DONE AND DONE
Q From David Means: I sometimes read or hear the phrase done and done used to seal a business deal or bargain — usually in historical dramas. Is the repetition there merely to emphasize that the deal has been completed; or is it acknowledging that two halves of an unstated, understood whole, such as payment and delivery, will be completed? Or is this a modern affectation meant to imply Regency or Victorian language?
A Let’s take your last point first. It’s certainly not a modern invention, but a real expression of an earlier period that is now defunct. Like you, I’ve come across it on occasion. However, the Oxford English Dictionary — my usual source of information for such phrases — fails on this occasion and I can’t find another reference work that gives any details.

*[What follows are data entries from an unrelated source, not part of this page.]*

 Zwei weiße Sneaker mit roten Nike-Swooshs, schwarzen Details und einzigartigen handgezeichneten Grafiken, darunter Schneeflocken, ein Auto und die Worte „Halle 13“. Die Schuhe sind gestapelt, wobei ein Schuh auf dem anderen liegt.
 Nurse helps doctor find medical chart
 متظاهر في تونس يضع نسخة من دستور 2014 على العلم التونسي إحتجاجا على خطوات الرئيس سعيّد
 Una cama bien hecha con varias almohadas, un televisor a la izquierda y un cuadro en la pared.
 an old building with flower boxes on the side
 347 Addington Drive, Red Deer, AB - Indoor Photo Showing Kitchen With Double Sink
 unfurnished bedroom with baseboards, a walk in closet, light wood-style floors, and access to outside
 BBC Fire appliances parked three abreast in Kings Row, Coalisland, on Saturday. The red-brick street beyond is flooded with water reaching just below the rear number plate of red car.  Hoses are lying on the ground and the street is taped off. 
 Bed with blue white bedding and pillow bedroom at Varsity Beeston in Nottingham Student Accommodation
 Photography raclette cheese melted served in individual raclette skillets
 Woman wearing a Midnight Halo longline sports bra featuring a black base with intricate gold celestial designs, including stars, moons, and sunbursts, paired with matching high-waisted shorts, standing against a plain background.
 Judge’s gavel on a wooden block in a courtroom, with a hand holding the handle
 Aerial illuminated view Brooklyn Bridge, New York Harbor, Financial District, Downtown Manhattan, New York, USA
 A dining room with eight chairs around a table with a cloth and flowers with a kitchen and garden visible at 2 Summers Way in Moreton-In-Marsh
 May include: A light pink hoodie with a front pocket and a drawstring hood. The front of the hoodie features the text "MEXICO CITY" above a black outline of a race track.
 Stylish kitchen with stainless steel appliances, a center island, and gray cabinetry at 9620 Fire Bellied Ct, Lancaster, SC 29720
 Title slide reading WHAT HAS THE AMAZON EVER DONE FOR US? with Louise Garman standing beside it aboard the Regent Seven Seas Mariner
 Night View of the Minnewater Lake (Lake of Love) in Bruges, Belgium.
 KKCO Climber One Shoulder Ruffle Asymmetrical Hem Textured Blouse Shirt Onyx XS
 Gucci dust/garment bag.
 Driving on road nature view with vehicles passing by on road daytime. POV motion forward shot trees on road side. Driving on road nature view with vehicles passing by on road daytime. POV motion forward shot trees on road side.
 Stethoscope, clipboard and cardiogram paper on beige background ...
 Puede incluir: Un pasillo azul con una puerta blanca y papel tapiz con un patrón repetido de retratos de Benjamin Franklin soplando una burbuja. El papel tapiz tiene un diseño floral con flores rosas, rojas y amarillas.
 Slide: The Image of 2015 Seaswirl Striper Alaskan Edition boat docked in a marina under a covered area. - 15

Hunting around in my literature database, I’ve found a few examples that suggest it might be an eighteenth-century Irish expression. Its appearances all refer to wagers. The classic case, and the earliest I’ve found, appears in Castle Rackrent by Maria Edgeworth, published in 1800: “‘Done,’ says my master; ‘I’ll lay you a hundred golden guineas to a tester you don’t.’ ‘Done,’ says the gauger; and done and done’s enough between two gentlemen.” [Tester: a slang term for sixpence; gauger: an exciseman’s assistant who checked the capacity of casks.] This book, hardly known nowadays, was an early example of the historical novel, and was set in Ireland, Maria Edgeworth’s homeland.
From these and other instances, it seems that the usual convention was that a bet was agreed on the mere word of the two principals if both said “done”. They both being gentlemen, or assumed to be such, their word was their bond and there was no question of going back on the agreement once it had been made. Hence “done and done” meant that a binding agreement had been mutually accepted. Another example is in The Virginians by William Makepeace Thackeray, dated 1859: “I’ll take your bet — there. And so Done and Done.”
I haven’t found a case in which the phrase was said in reference to a business deal, but it’s easy to see how the idea could have been extended. Though most of my few examples are Irish or British, I did find one that suggested it has also been known in the USA. It’s from The Crater, by James Fenimore Cooper, published in 1848: “Done and done between gentlemen, is enough, sir.”